\(\newcommand{\hforward}{\stackrel{\rightarrow}{h}}\) \(\newcommand{\hbackward}{\stackrel{\leftarrow}{h}}\)

Exploration 4.3: Deep Learning for Text (part 2): Sequence Models (RNNs, attention, Transformer)

In the previous Exploration, we discussed word embeddings, which maps discrete words to continuous vectors, enabling deep learning to process language. However, language is far more complex than a bag of words; instead, a sentence is a linear sequential order of words, and word order does matter (e.g., “John bit a dog” is different from “A dog bit John”). So deep learning should also be able to process sequences of words. So here we introduce deep learning models for sequential objects.

Recurrent Neural Networks (RNNs)

The classical method of deep learning for sequences is recurrent neural nets (RNNs) which was a popular topic in the 1980s (along with CNNs for vision).

Generally speaking, at each step, an RNN transforms input to an output with the help of a memory state, and modifies the memory state to help it to better perform future processing. The memory state is therefore the key part of an RNN, enabling it to handle sequential data, and is usually implemented as a hidden vector that summarizes the previous input-output pairs.

Encoder-Decoder Architecture (with RNNs)

Now let’s look at how to use RNN to do machine translation, one of the most important tasks in natural language processing and one of the holy grails of AI.

We use two RNNs, one for understanding (or “encoding”) the input sentence (say, in Chinese) called the “encoder” and one for generating (or “decoding”) the output sentence (say, in English) called the “decoder”. Both RNNs work word-by-word. After processing each input word, the encoder gives its final hidden state (which summarizes the whole input sentence) to the decoder as its “initial state”. The decoder then generates the first output word based on that initial state, and then feeds that word back into the decoder to generate the next word. The reason why the decoder always needs to take the previously generated word as input is because the hidden state is lossy compression of the history, i.e., not a perfect one, so having the previous word makes sure the output is fluent.

Encoder-Decoder with Attention (with RNNs)

However, if you think about it a bit more, you realize the vanilla encoder-decoder architecture is problematic. The RNN has an imperfect memory, and naturally remembers recent things much better than remote history. Therefore, the encoder final state is mostly about the last few words of the input sentence; but it is used to initiate the decoder and is most impactful on the first few words of the output sentence! Unless the word order is completely the opposite between the input and output languages (which is unlikely because most of the worlds’ languages are either subject-verb-object like English or subject-object-verb like Japanese), this is whole paradigm is completely wrong!

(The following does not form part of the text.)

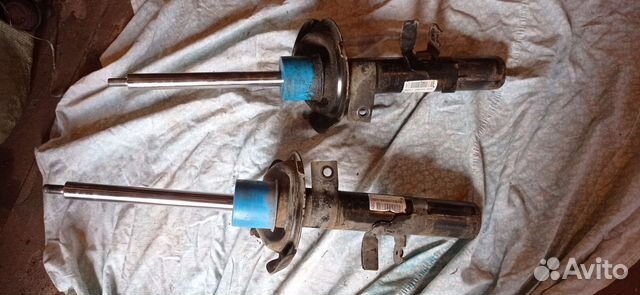 Амортизаторы передние Ford Focus III Fomoco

To alleviate this problem, some researchers thought, if the input and output languages have similar word order (like English and French), why don’t we run the encoder backwards on the input sentence? This way, the encoder final state is most sensitive about the first few input words, which is consistent with the decoder. Well, this method does improve upon the vanilla one, but is still so wrong: what if the input and output languages have very different but not oppposite word order, like English to Japanese?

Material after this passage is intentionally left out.